Es zeigt sich somit schon bei der nichtöffentlichen Beratung, daß eine neue Hauptverhandlung unvermeidlich ist, eine Entscheidung des Obersten Gerichtshofes in der Sache selbst noch nicht einzutreten hat. Ohne daß es daher des Eingehens auf die weiteren, geltend gemachten Nichtigkeitsgründe bedarf, war in Stattgebung der Nichtigkeitsbeschwerde das angefochtene Urteil gemäß § 285 e StPO aufzuheben und die Sache zu neuer Verhandlung und Entscheidung an das Erstgericht zurückzuweisen.
Mit seiner Berufung war der Angeklagte auf diese Entscheidung zu verweisen.
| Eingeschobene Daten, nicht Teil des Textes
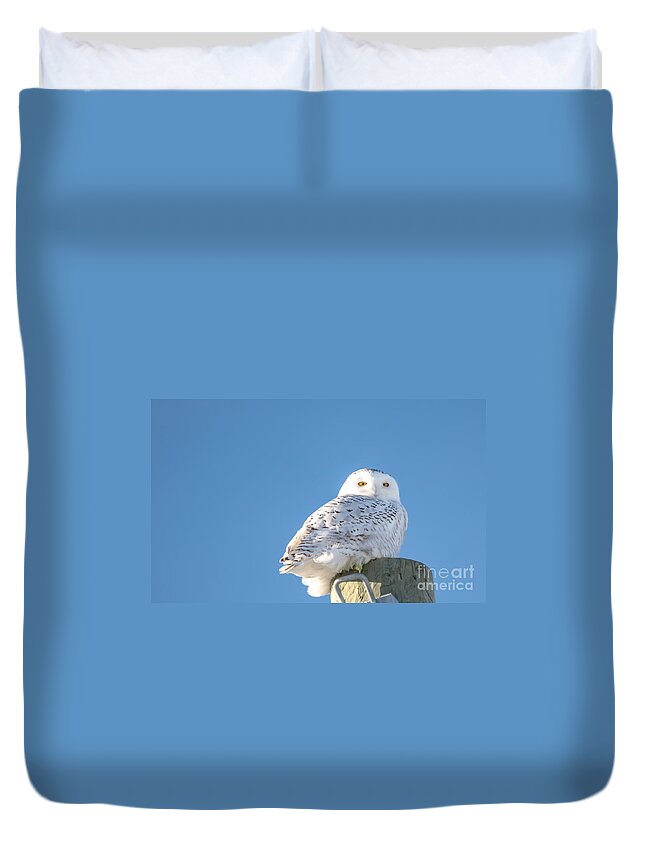 Field Duvet Cover featuring the photograph Blue Sky Snowy by Cheryl Baxter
Im zweiten Rechtsgang wird im Falle eines neuerlichen Schuldspruches mit Rücksicht auf die am 1.September 1985 in Kraft getretene Suchtgiftgesetznovelle 1985, BGBl. 184, mit welcher u.a. § 12 SuchtgiftG. geändert und § 24 a SuchtgiftG. neu eingeführt wurde, ein Günstigkeitsvergleich nach § 1, 61 StGB vorzunehmen sein.